Your employer's PAYG withholding is calculated using ATO tax tables that may account for additional factors not included in this simplified calculator, such as tax offsets (like LITO), the Medicare Levy Surcharge, HECS-HELP repayments, or other adjustments. Small rounding differences are also normal. This calculator provides a general estimate, not a precise payslip replica.
PAYG (Pay As You Go) withholding is the system where your employer withholds an estimated amount of tax from each pay and remits it to the ATO on your behalf throughout the year, so you don't face a large tax bill at the end of the financial year. The amount withheld is based on ATO tax tables that estimate your annual tax liability from your pay frequency and salary.
Pre-tax deductions (like salary-sacrificed superannuation) are subtracted from your gross income before income tax and the Medicare levy are calculated, reducing your taxable income and therefore your tax. Post-tax deductions (like union fees or after-tax insurance premiums) are subtracted from your pay after tax has already been calculated, so they don't reduce your taxable income or tax payable.
No - if you have an outstanding HECS-HELP (or other study and training) loan, your employer withholds additional amounts based on your income once it exceeds a repayment threshold, on top of regular income tax and Medicare levy. This calculator doesn't include that, so if you have a HECS-HELP debt, your actual take-home pay would be lower than shown - see our HECS-HELP Repayment Calculator for an estimate.

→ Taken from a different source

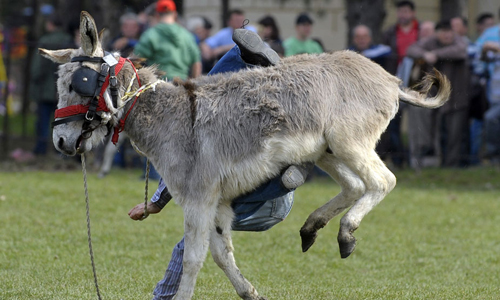 點(diǎn)擊瀏覽下一頁(yè)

Use the number that matches how often you're actually paid - 52 for weekly, 26 for fortnightly (the most common in Australia), or 12 for monthly. Note that fortnightly pay (26 periods) isn't simply half of monthly pay (12 periods) when annualised, since 26 fortnights and 12 months don't divide the year identically - this can create the perception of "extra" pay periods in some months.
Salary sacrificing reduces your taxable income and therefore your tax, which can increase your take-home cash relative to receiving that amount as ordinary taxed salary - but the sacrificed amount itself goes toward the benefit (e.g., super contributions), not into your bank account as cash. So while your "take-home pay" in terms of tax-efficiency may improve, your immediate spendable cash is reduced by the sacrificed amount.
Disclaimer: The information, rates, and figures provided on this page are for educational and illustrative purposes only and do not constitute tax advice. The tax brackets, Medicare levy rate, and figures used are examples based on illustrative 2024-25 rates and do not include tax offsets (such as LITO), the Medicare Levy Surcharge, or HECS-HELP repayments, and may not reflect your actual payslip. Always consult a registered tax agent, accountant, or the Australian Taxation Office (ATO) for advice specific to your circumstances.